◆ **Exercise description**
Reproduce every record exactly as it appears, but not the pictures.

** Opening Record extracts block **

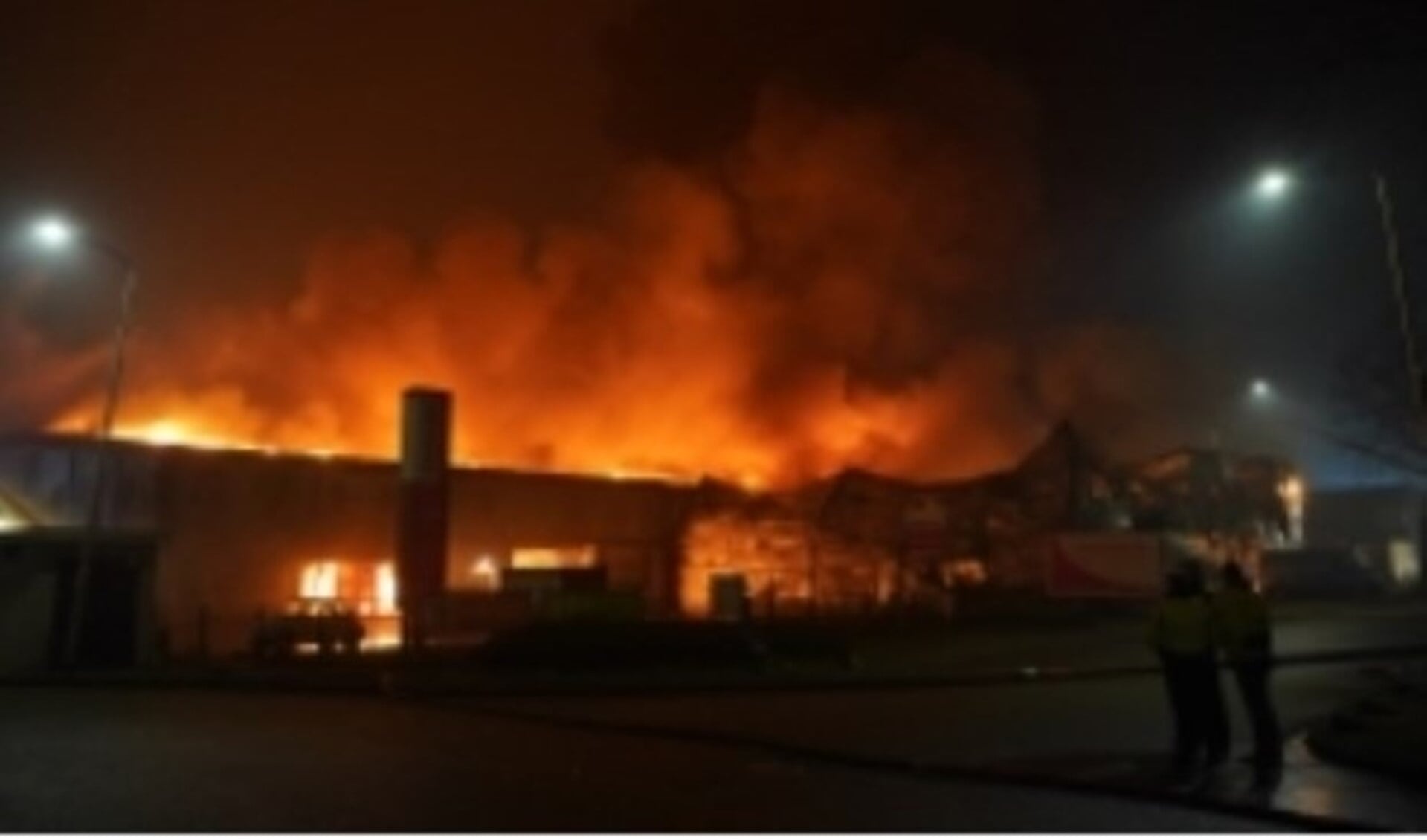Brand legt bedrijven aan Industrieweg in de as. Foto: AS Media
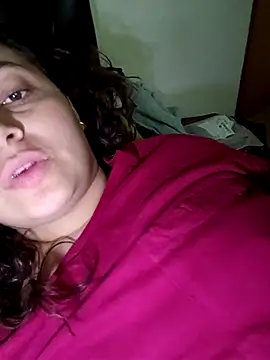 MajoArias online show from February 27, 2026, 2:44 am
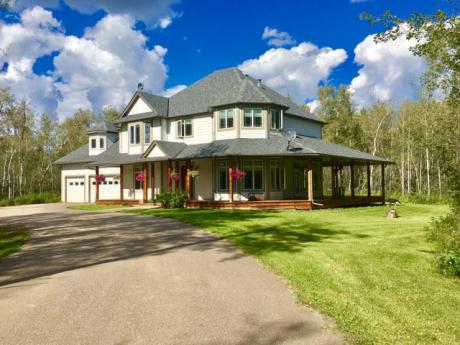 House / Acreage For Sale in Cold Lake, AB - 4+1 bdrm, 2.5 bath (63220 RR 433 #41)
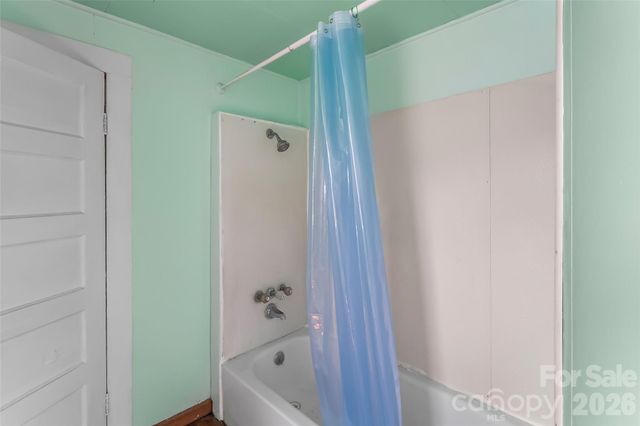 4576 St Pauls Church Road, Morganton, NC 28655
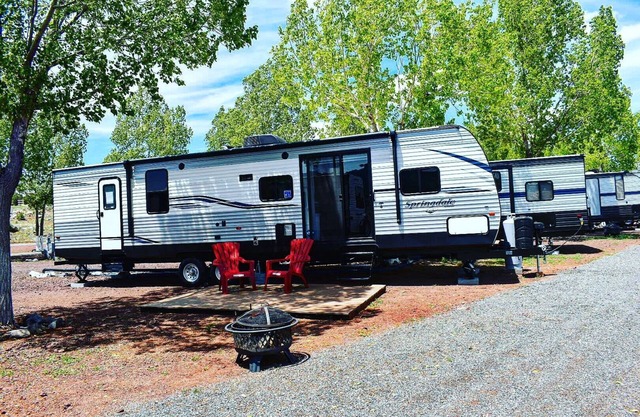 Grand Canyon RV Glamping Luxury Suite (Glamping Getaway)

** Closing Record extracts block **

◆ **Your response**
Brand legt bedrijven aan Industrieweg in de as. Foto: AS Media
 MajoArias online show from February 27, 2026, 2:44 am
 House / Acreage For Sale in Cold Lake, AB - 4+1 bdrm, 2.5 bath (63220 RR 433 #41)
 4576 St Pauls Church Road, Morganton, NC 28655
 Grand Canyon RV Glamping Luxury Suite (Glamping Getaway)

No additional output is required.